Do you know of a great "Preservation Bargain"? A home that just needs a good owner? If so send us a pic and some contact information and we will feature it here.

Tuesday, June 23, 2009

Cincinnati Summers: How the Victorians Survived

As we all know it is hot right now in the midwest. Most of us are sitting comfortably in our homes in our air conditioning, maybe sipping a drink with ice from the fridge. We tend to stay indoors now with all our creature comforts and it makes one wonder "How did the Victorians do it?"

Cincinnati in the late 1800's was a very different city. people were EVERYWHERE, densely packed together in an urban city. OTR was Packed with people all scurry about on their way to work or shops. The city was well, 'filthy' thick black soot covered everything. Remember Cincinnati was an industrial town. You had tin smiths and cast iron works and they all burned coal or wood for power. Thick smoke covered the valley, the humidity was intense.



It wasn't a safe place either. Where Central Parkway is, built over the famous subway that never happened, was a canal. Boats carrying goods were pulled down it and being water there were mosquitoes everywhere and there was runoff from piveys, the water in that canal was polluted. Poorer kids who lived in OTR would as kids do,if they were not working, remember there were no child labor laws back then, jump in for swim when the police weren't looking. The adults, the men, that is, would stop at one of the many taverns that dotted the downtown for a drink.
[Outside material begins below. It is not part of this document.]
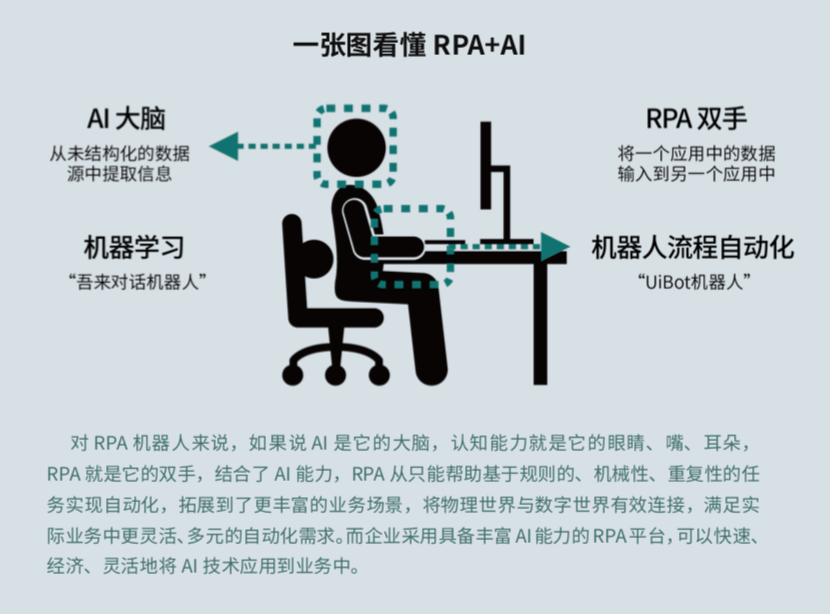 來(lái)也科技 RPA + AI，助力數(shù)字新基建打造能源互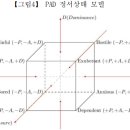 소리에 의한 즐거움 - 의미(세간) 이미지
If you were poor summers were long and hot and not very comfortable. If you were well to do however you had options. Believe it or not back in the Victorian day in Cincinnati it was not uncommon to have a weekend or summer house. The well to do wanted out of the grime of the city and many looked to the hills above as an option. Some would take the inclines up to neighborhoods above it all, others traveled across the valley to the hills of Fairmount.






These summer homes were opened up in the late spring and the family would "summer" up the hill in their cottage up in the cooling breezes and away from the soot and grime and the "rif-raff" of the downtown. The father of the house might stay in town but more often than not the day to day operations of a business would be turned over to a trusted manager or even the oldest son for the summer and the wealthy would relax the day away. The father might head out to the shooting club in Fairmount and of course the beer garden, while the lady of the house held tea with her neighbors people of 'equal station' , the children would go off to explore the hills often with older sibling or a servant in tow


It was a different era. At the end of the summer the curtains would be drawn and the door simply closed until the next "dog days of summer".

Monday, June 22, 2009

Knox Hill Project House: Weekly update


Exterior work continues with more painting . A key change was the change of the lower porch area from the brighter Yellow to a more mellow "Mark Twain Gold" which is our primary trim color. This allows the stencilled flowers, still in the brighter yellow to "pop' more as a detail.

We also installed corner boards and did additional caulking. I can hardly wait to get the brackets up. and other trim installed


Work continued on painting the stone foundation with "Del Coranado Brownstone" a National Trust color from Valspar. Although we are getting rid of it in the future we decided to put a coat of paint on the outside basement access doors so everything looks nice and clean.

Greg ran the chipper all day Saturday chipping up the collection of limbs we cut and the tree we removed the weekend before.